Data extracted from a collection:
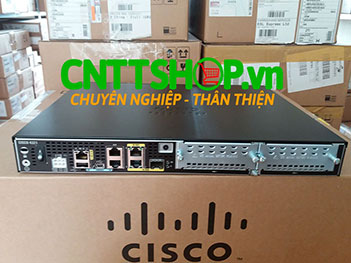 ISR4321-VSEC/K9 Cisco ISR 4321 Bundle w/UC & SEC License, CUBE-10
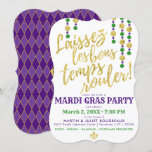 Mardi Gras | Laissez Les Bons Temps Rouler Invitation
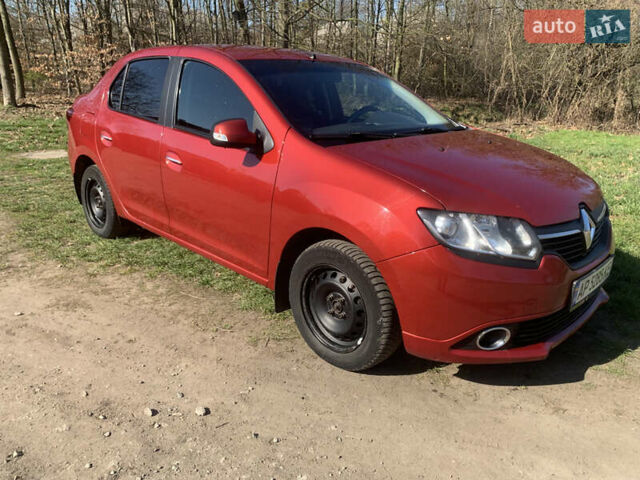 Красный Рено Логан, объемом двигателя 1.6 л и пробегом 117 тыс. км за 7400 $, фото 1 на Automoto.ua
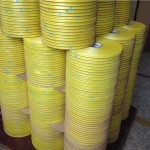 Yellow Release Film Center Bag Sealing Tape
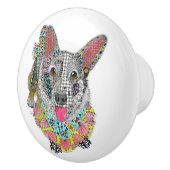 Bouton de porte Cardigan Welsh Corgi - Céramique (Droite)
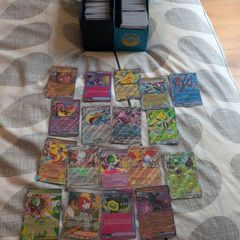 POKEMON bulk Prismatic, Ascended Heroes Destined Rivals Chaos Risinglot plus 18 Ex and a trainer card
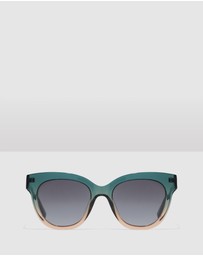 Hawkers Co - HAWKERS - Green Champagne AUDREY Sunglasses for Men and Women UV400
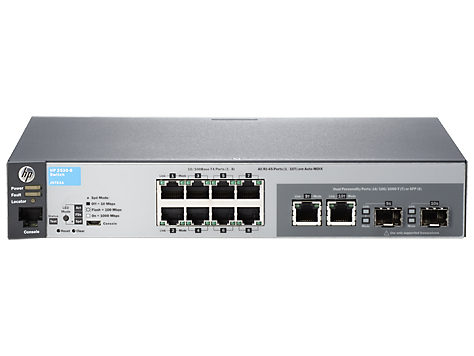 HP 2530-8 Managed L2 Fast Ethernet (10/100) 1U Grey – image 1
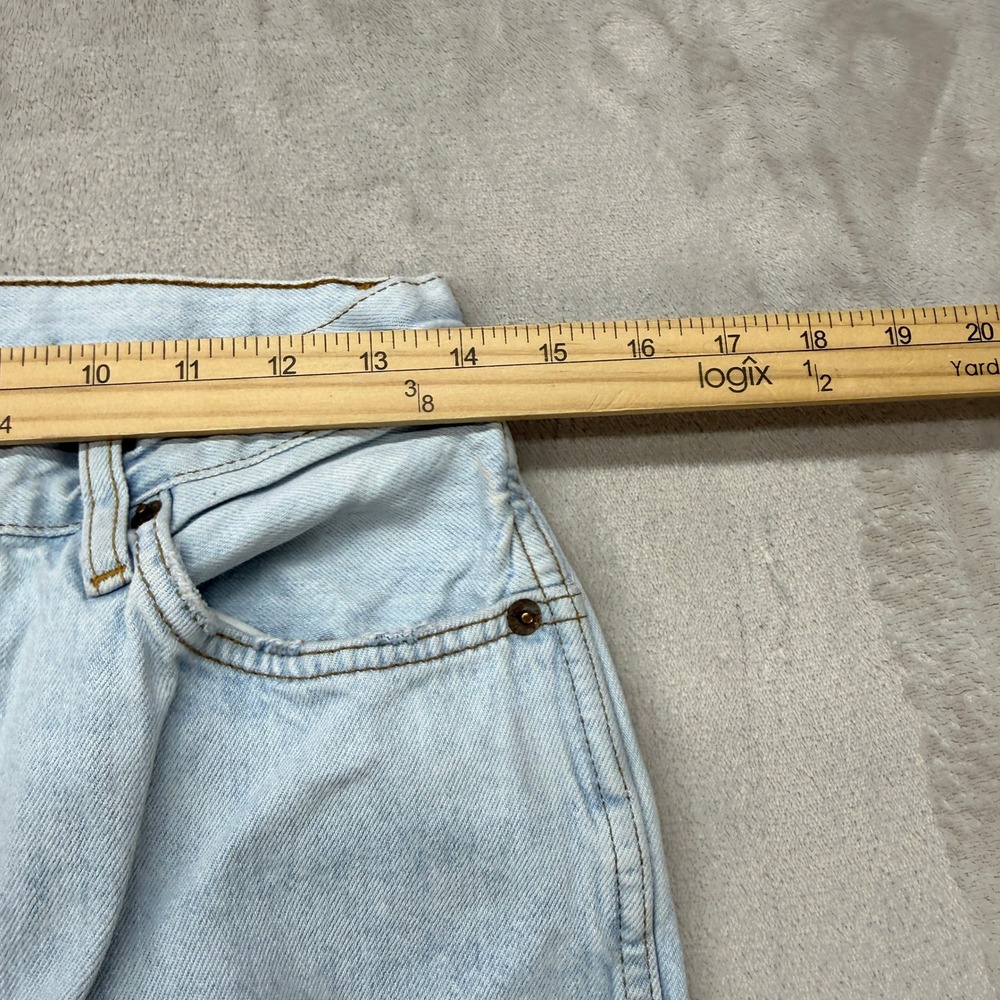 RE/DONE 90s High Rise Loose Jeans Womens 28 Light Blue Distressed Bleach Destroy - Picture 12 of 13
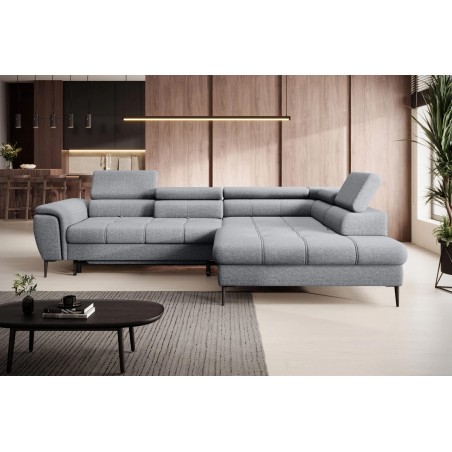 Narożnik DENVER L Prawostronny z funkcją spania Prawostronny w ktaninie SERENO 693 WERSAL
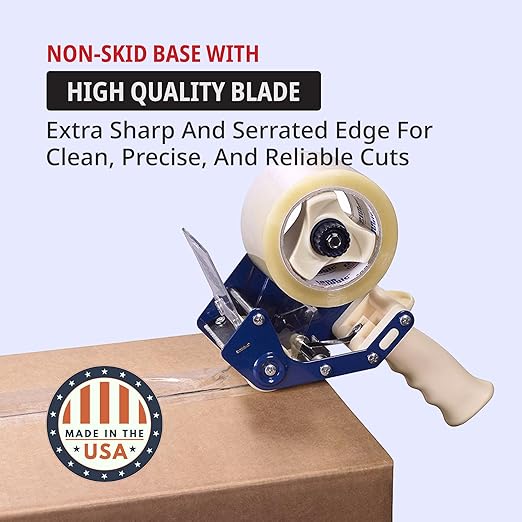 Tape Logic 3" Multi Roll Tape Dispenser - Heavy Duty Desk or Table Top Tape Dispenser with Non-Skid Base for Home or Office, Supplies for Packing, Shipping, Moving, & Mailing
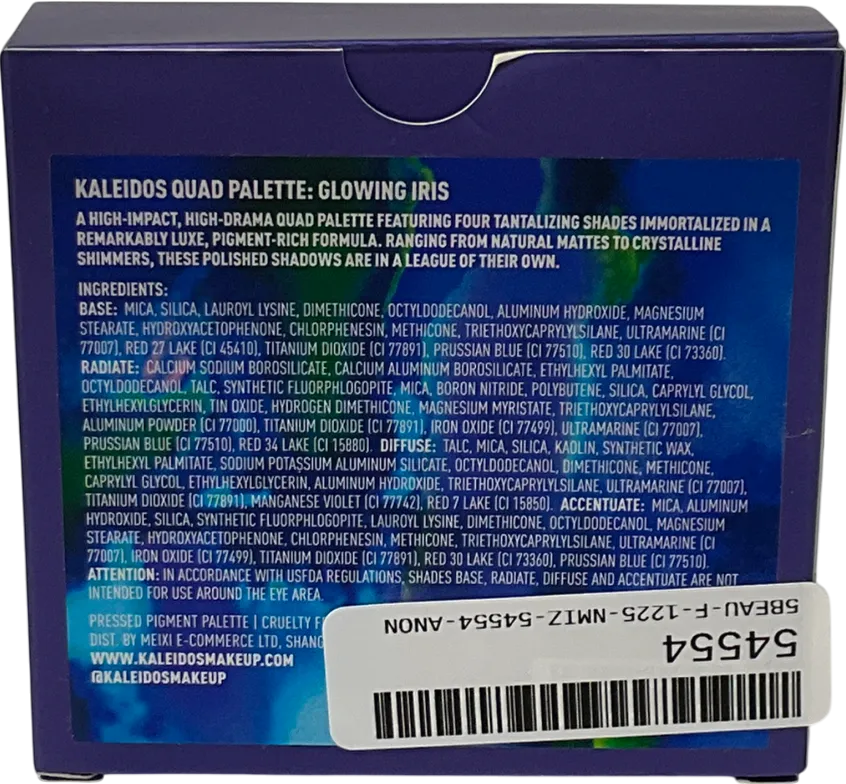 kaleidos 4 Color Eyeshadow Palette - Glowing Iris Glowing Iris One size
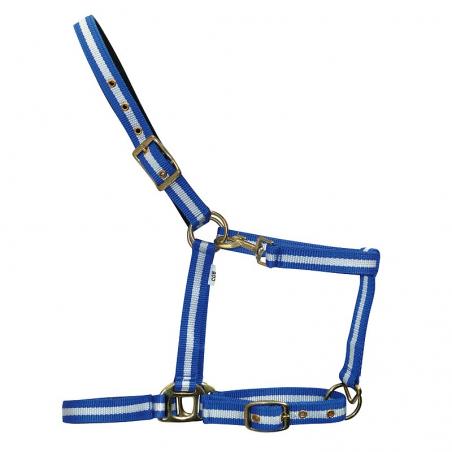 Cabezada De Nylon Económica Con Refuerzo De Cuero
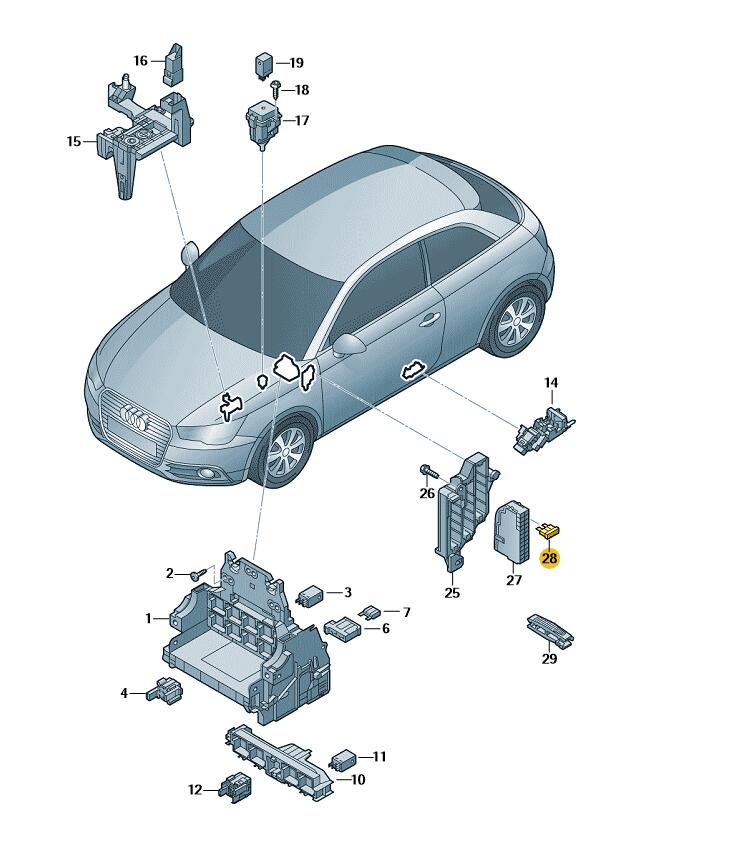 Podgląd obrazka: Bezpiecznik płaski 19/2x5 (nr katalogowy: N01713111)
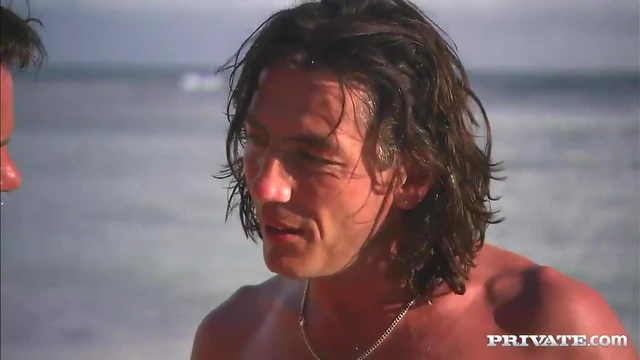 Jessica Moore Enjoys Double Penetration On The Beach Sands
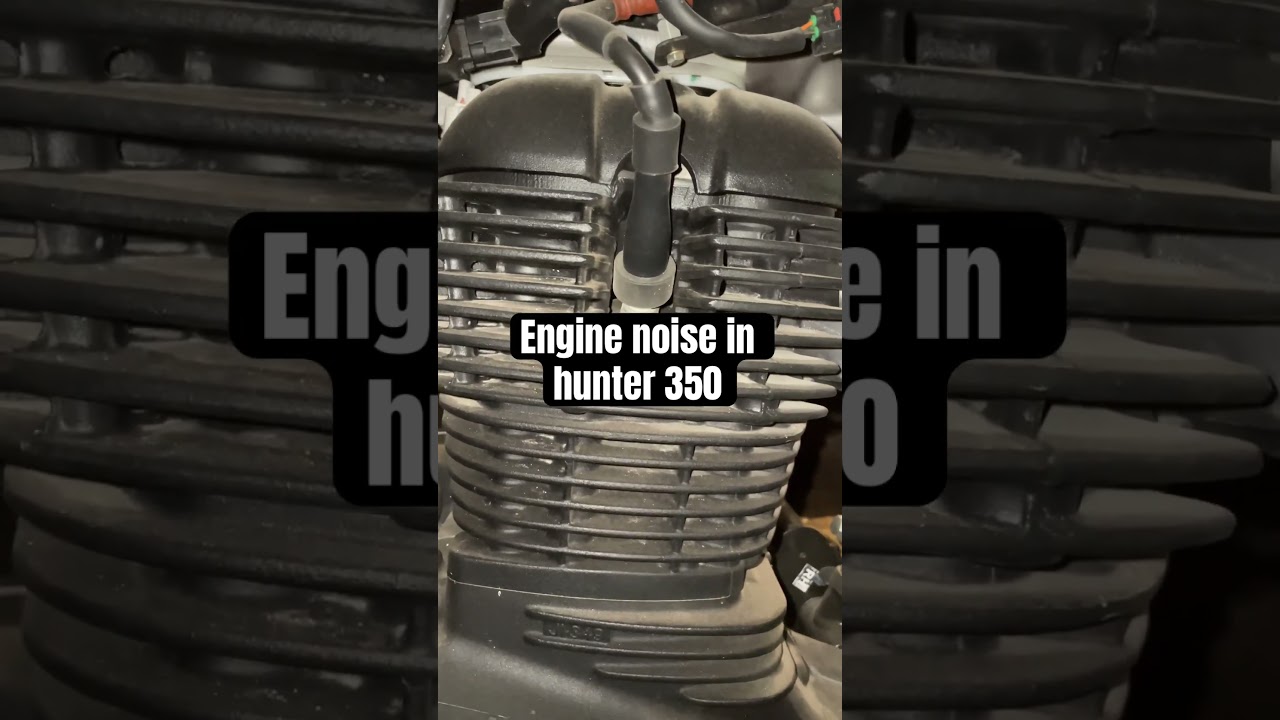 Engine noise in hunter 350 #ytshort #royalenfield #hunter350 #enginenoise #disappointment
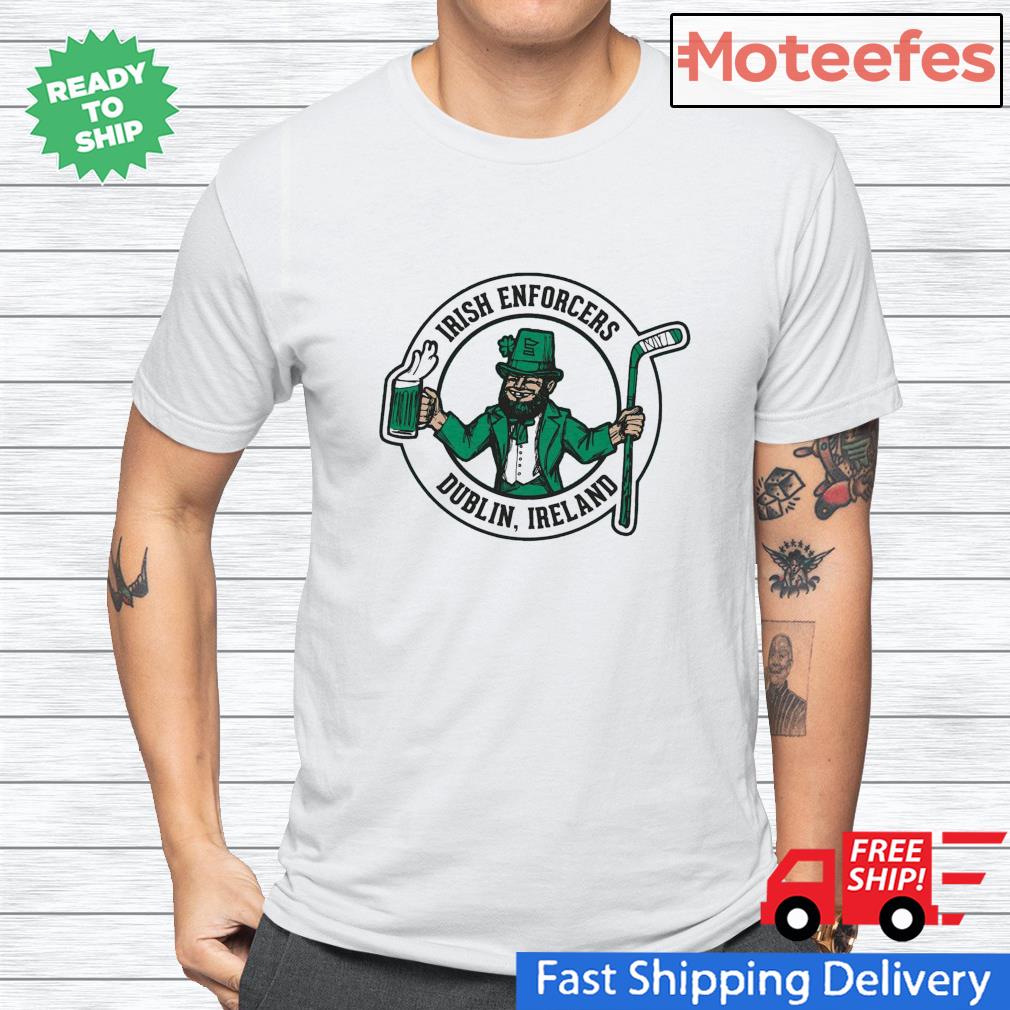 St.Patrick's Day Leprechaun Irish enforcers dublin Ireland shirt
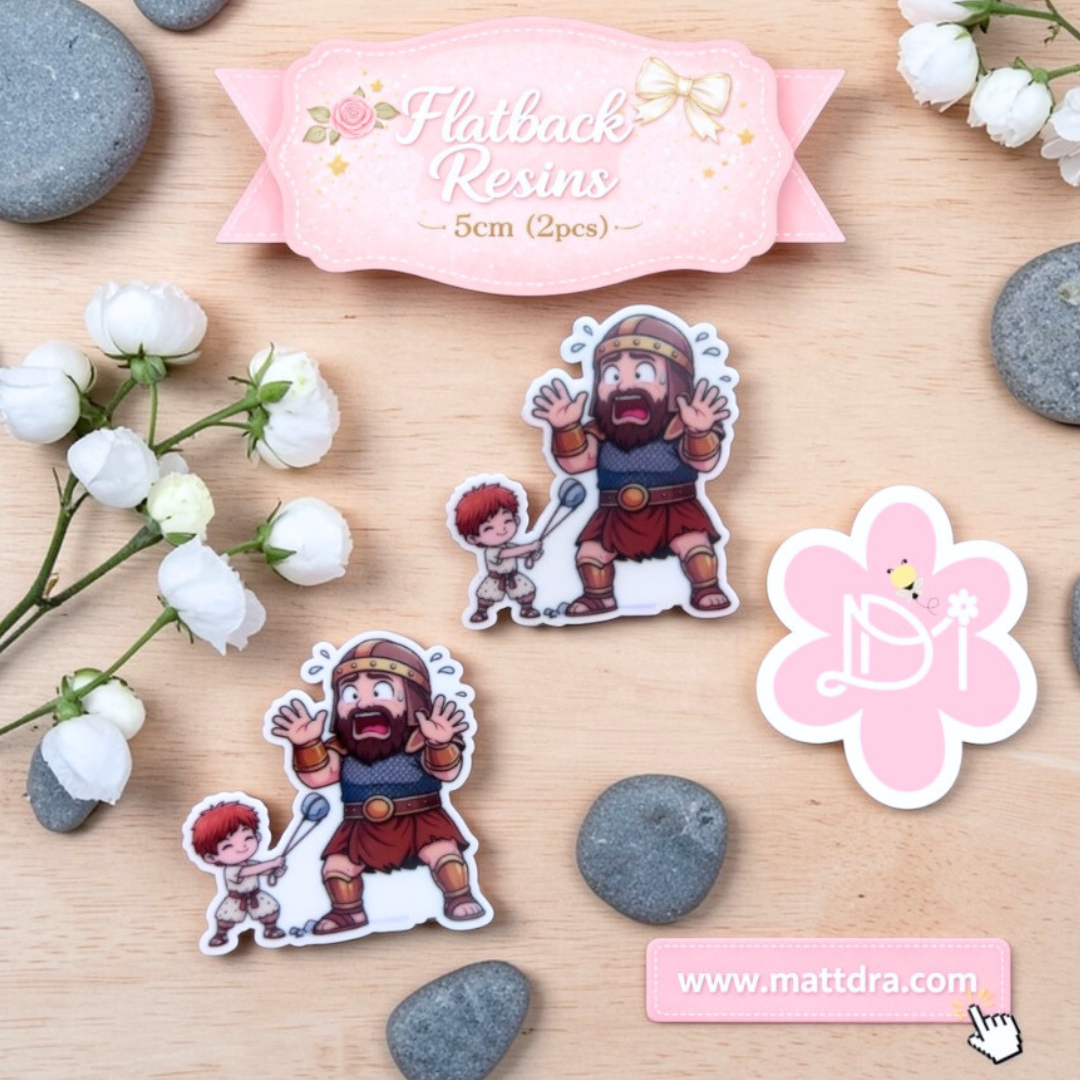 David y Goliat - Planar Resins - 2pcs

Task to carry out:
What is needed is an exact repeat of every entry above, with the pictures left out.

Finished task:
 ISR4321-VSEC/K9 Cisco ISR 4321 Bundle w/UC & SEC License, CUBE-10
 Mardi Gras | Laissez Les Bons Temps Rouler Invitation
 Красный Рено Логан, объемом двигателя 1.6 л и пробегом 117 тыс. км за 7400 $, фото 1 на Automoto.ua
 Yellow Release Film Center Bag Sealing Tape
 Bouton de porte Cardigan Welsh Corgi - Céramique (Droite)
 POKEMON bulk Prismatic, Ascended Heroes Destined Rivals Chaos Risinglot plus 18 Ex and a trainer card
 Hawkers Co - HAWKERS - Green Champagne AUDREY Sunglasses for Men and Women UV400
 HP 2530-8 Managed L2 Fast Ethernet (10/100) 1U Grey – image 1
 RE/DONE 90s High Rise Loose Jeans Womens 28 Light Blue Distressed Bleach Destroy - Picture 12 of 13
 Narożnik DENVER L Prawostronny z funkcją spania Prawostronny w ktaninie SERENO 693 WERSAL
 Tape Logic 3" Multi Roll Tape Dispenser - Heavy Duty Desk or Table Top Tape Dispenser with Non-Skid Base for Home or Office, Supplies for Packing, Shipping, Moving, & Mailing
 kaleidos 4 Color Eyeshadow Palette - Glowing Iris Glowing Iris One size
 Cabezada De Nylon Económica Con Refuerzo De Cuero
 Podgląd obrazka: Bezpiecznik płaski 19/2x5 (nr katalogowy: N01713111)
 Jessica Moore Enjoys Double Penetration On The Beach Sands
 Engine noise in hunter 350 #ytshort #royalenfield #hunter350 #enginenoise #disappointment
 St.Patrick's Day Leprechaun Irish enforcers dublin Ireland shirt
 David y Goliat - Planar Resins - 2pcs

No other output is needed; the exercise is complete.